This project focuses on developing a rule-based mutation explainer for Welsh, aimed at supporting language learners and advancing Welsh NLP. Initial consonant mutation is a distinctive feature of Welsh grammar, where the first consonant of a word changes depending on its grammatical environment. While existing tools such as CyTag can detect mutated forms, they cannot explain why a mutation occurs, which limits their usefulness for learners and educators. To address this gap, the system integrates Constraint Grammar (CG) rules, informed by linguistic insights, to automatically identify mutations, classify them into different subfamilies of triggers across lexical, morphological, and syntactic contexts, and finally automatically generate explanations using Python.
A key contribution of this work is the creation of an annotated dataset of mutation cases, designed to test the system’s accuracy at detecting a wide variety of triggers. The explainer is also evaluated against state-of-the-art large language model (LLM) baselines, such as GPT-4o-Mini and Claude-4-Sonnet, and demonstrating that, in low-resource settings for languages like Welsh, linguistically informed, rule-based systems often outperform modern NLP techniques.

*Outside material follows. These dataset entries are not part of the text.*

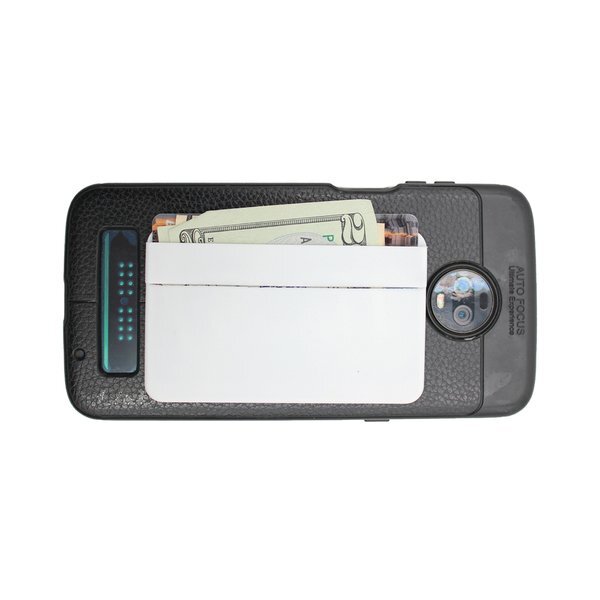 Two-In-One Phone Card Holder Wallet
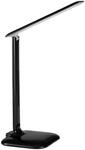 EGLO LED Tischlampe Caupo, 1 flammige Tischleuchte mit Touch, Farbtemperaturwechsel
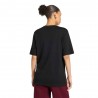 ADIDAS Originals T-Shirt Logo Nero Donna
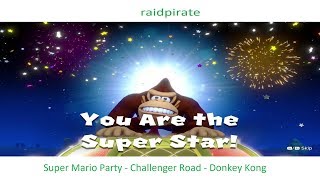 Super Mario Party - Challenger Road - Donkey Kong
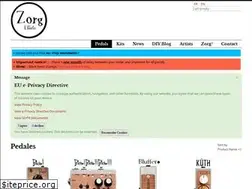 Sites similar to zorgeffects.com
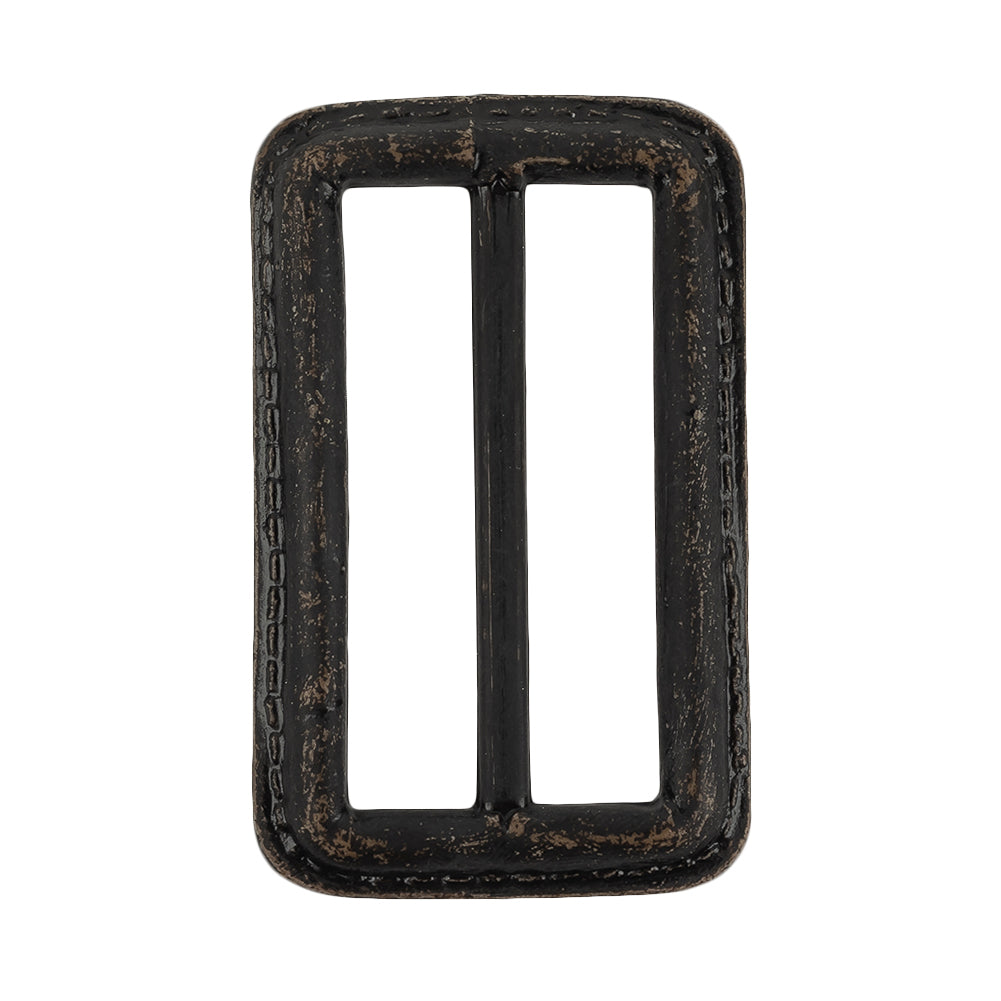 Italian Tar Faux Leather Slider - 2.5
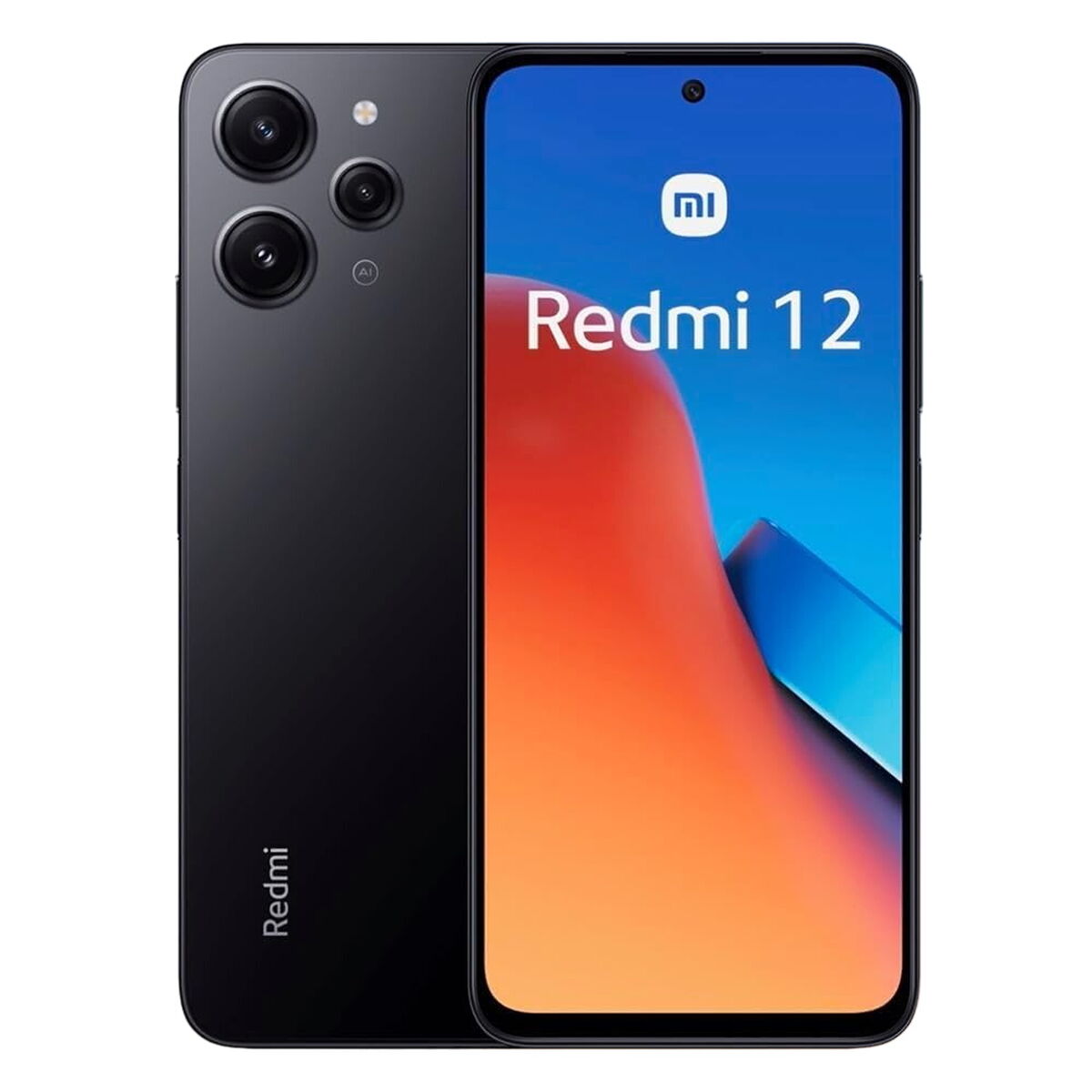 Smartphone Xiaomi REDMI 12 8-256 BK V2 6,79" Mediatek Helio G88 8 GB RAM 256 GB Black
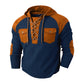 ✨Men's Casual Waffle Knit Hooded Sweatshirt– Cosy, Casual & Effortlessly Stylish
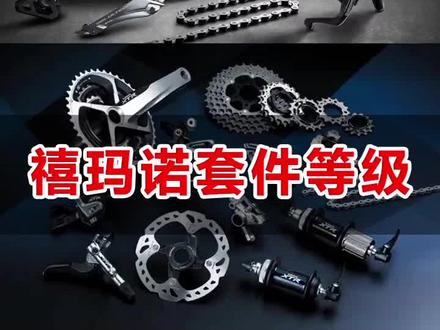看下你的爱车,套件处在什么级别!需要这两张禧玛诺套件等级图的,联系我,可以打包发你吆!#禧玛诺 #自行车套件 #二手自行车 #骑行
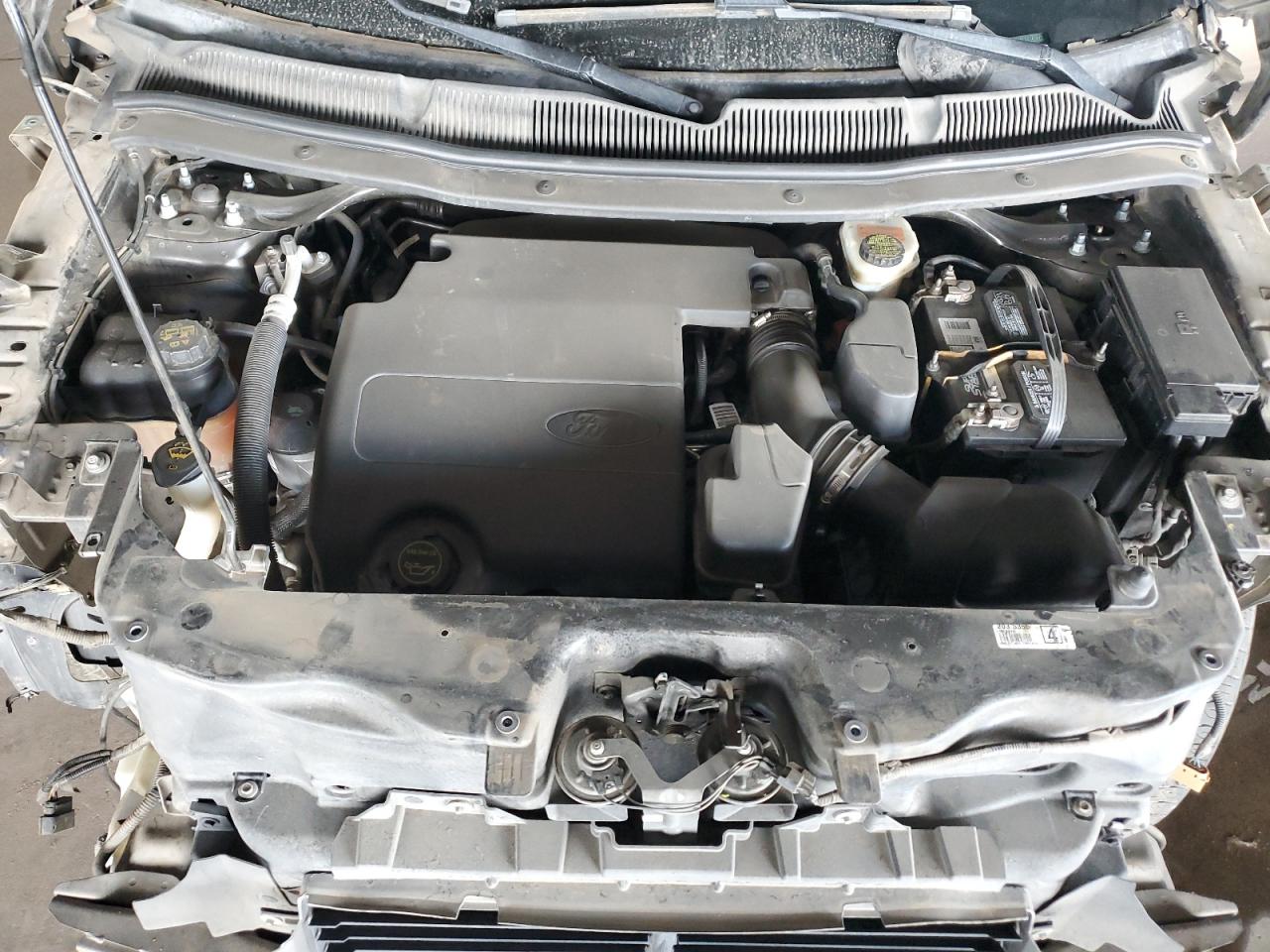 2016 Ford Explorer VIN 1FM5K7D83GGA51997 Copart auction photo, front end / rear end damage thumbnail 12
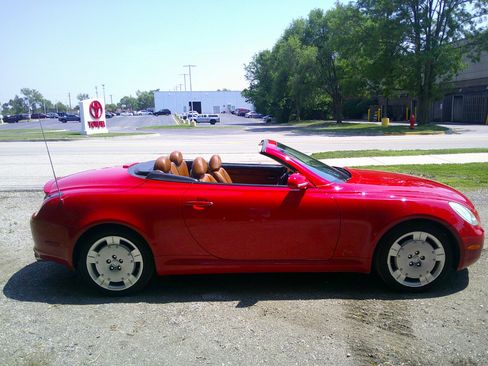 Used 2002 Lexus SC 430 Convertible image 18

Finally, a pilot interactive website has been developed to visualise the system’s outputs directly within Welsh texts, allowing learners to see why a mutation has occurred in context. By combining linguistic knowledge, computational methods, and learner-focused design, this project contributes to Welsh language technologies, offering new tools that enhance language pedagogy while also laying the groundwork for future advances in interpretable NLP for low-resource languages.